Check each line of the material below for "Apis", then copy the ones that contain it.

Supplied material.
<<<<
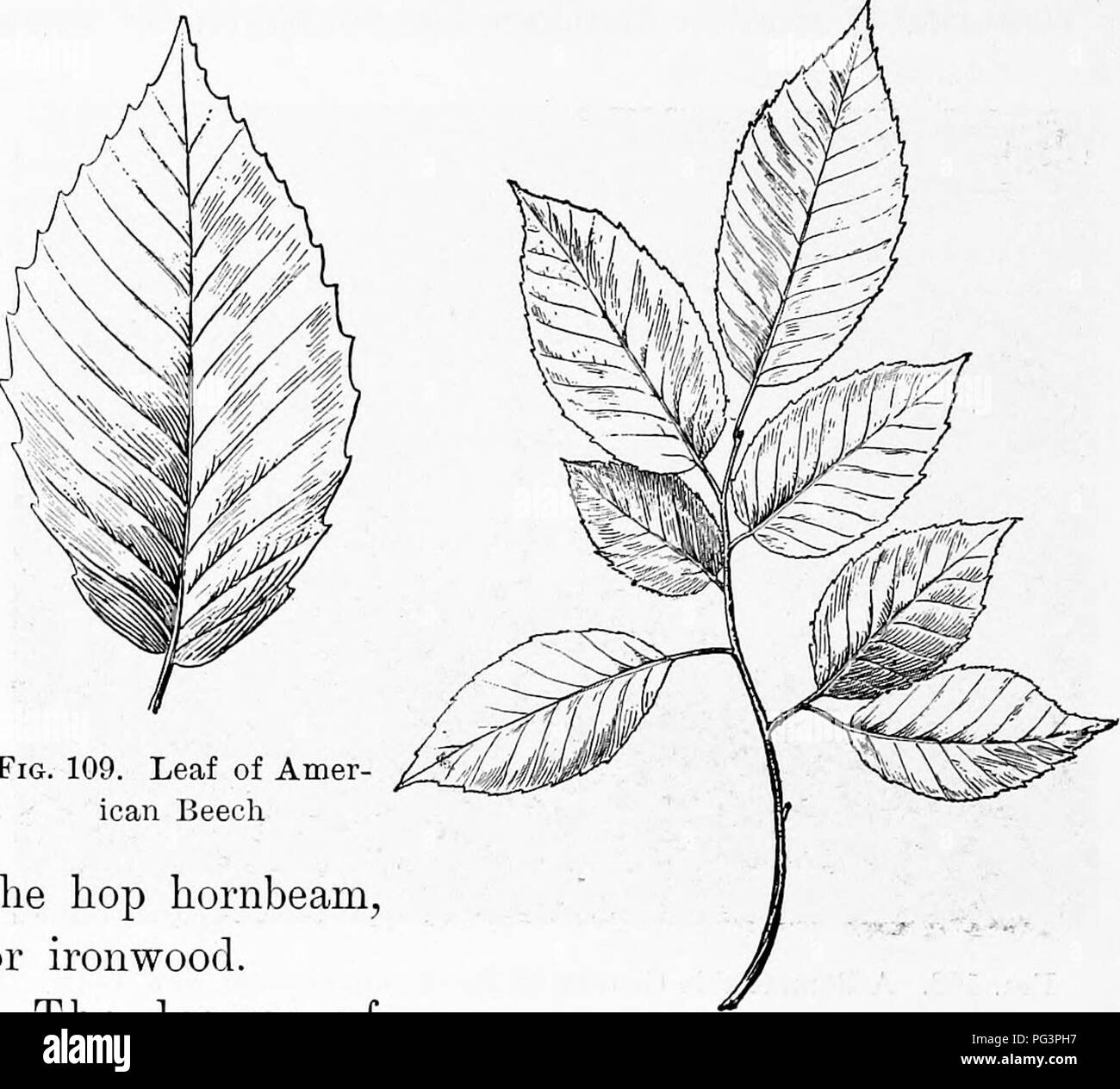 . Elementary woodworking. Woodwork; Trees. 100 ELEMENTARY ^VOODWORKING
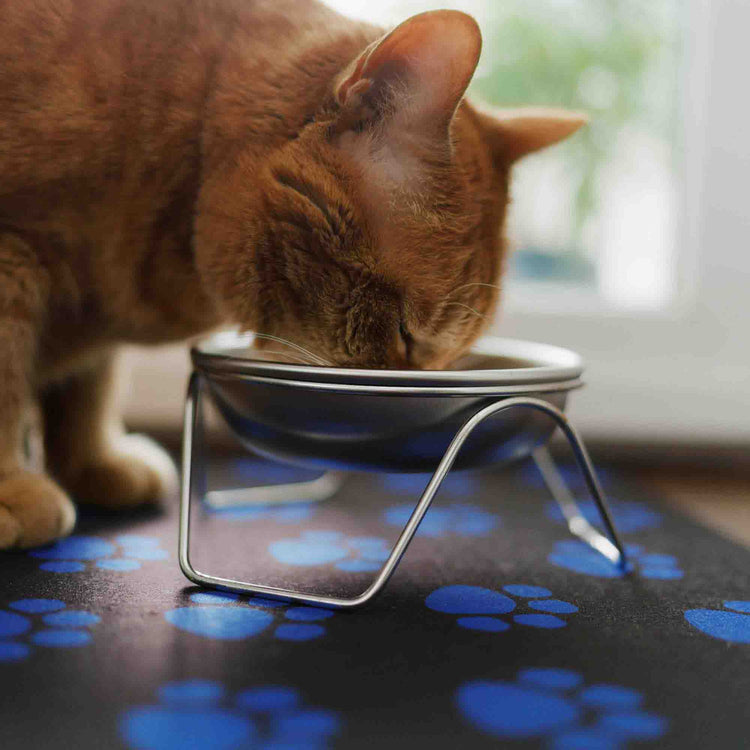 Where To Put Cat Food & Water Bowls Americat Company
>>>>
<<<<
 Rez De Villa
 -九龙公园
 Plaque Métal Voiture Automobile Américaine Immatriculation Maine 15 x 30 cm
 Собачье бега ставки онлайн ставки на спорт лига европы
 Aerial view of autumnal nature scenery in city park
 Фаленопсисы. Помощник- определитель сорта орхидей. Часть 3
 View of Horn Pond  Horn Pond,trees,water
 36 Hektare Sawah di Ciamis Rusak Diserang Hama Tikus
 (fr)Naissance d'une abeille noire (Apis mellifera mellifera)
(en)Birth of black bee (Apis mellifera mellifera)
>>>>
Task solution.
 (fr)Naissance d'une abeille noire (Apis mellifera mellifera)
(en)Birth of black bee (Apis mellifera mellifera)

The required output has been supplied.